REQUIRED WORK – Find the line containing "A bedroom with" in the listing below. Repeat it exactly, along with each following line up to and including the one containing "Step 28 – You".

INPUT FOR THIS TASK –
== Segment start ==
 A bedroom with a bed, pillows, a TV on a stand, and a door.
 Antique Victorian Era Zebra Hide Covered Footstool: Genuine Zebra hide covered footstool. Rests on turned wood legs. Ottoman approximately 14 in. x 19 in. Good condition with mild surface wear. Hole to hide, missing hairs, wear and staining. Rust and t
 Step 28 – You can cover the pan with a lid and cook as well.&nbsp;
== Segment end ==
== Segment start ==
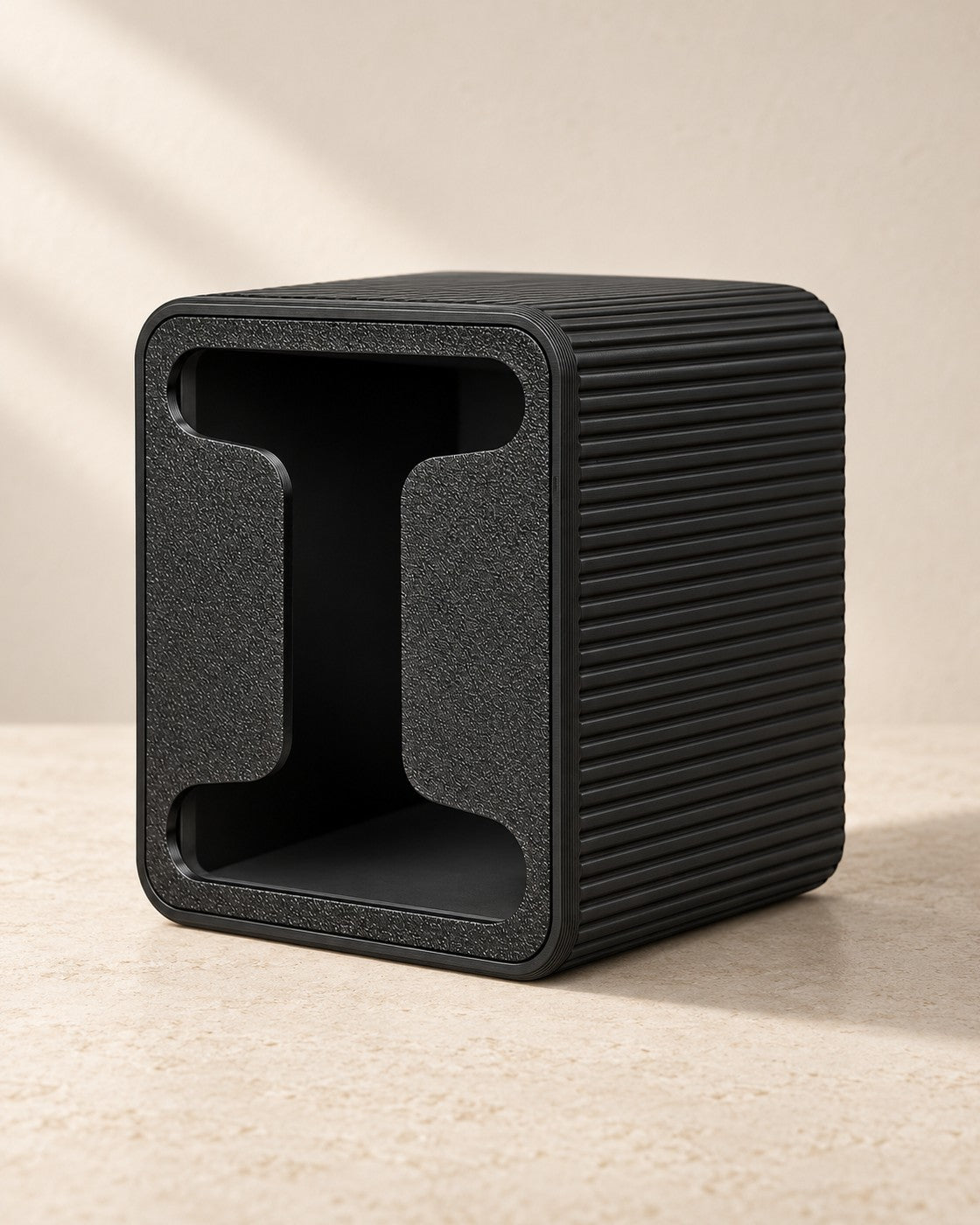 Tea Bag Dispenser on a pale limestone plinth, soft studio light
== Segment end ==
RESPONSE TO THE EXERCISE –
 A bedroom with a bed, pillows, a TV on a stand, and a door.
 Antique Victorian Era Zebra Hide Covered Footstool: Genuine Zebra hide covered footstool. Rests on turned wood legs. Ottoman approximately 14 in. x 19 in. Good condition with mild surface wear. Hole to hide, missing hairs, wear and staining. Rust and t
 Step 28 – You can cover the pan with a lid and cook as well.&nbsp;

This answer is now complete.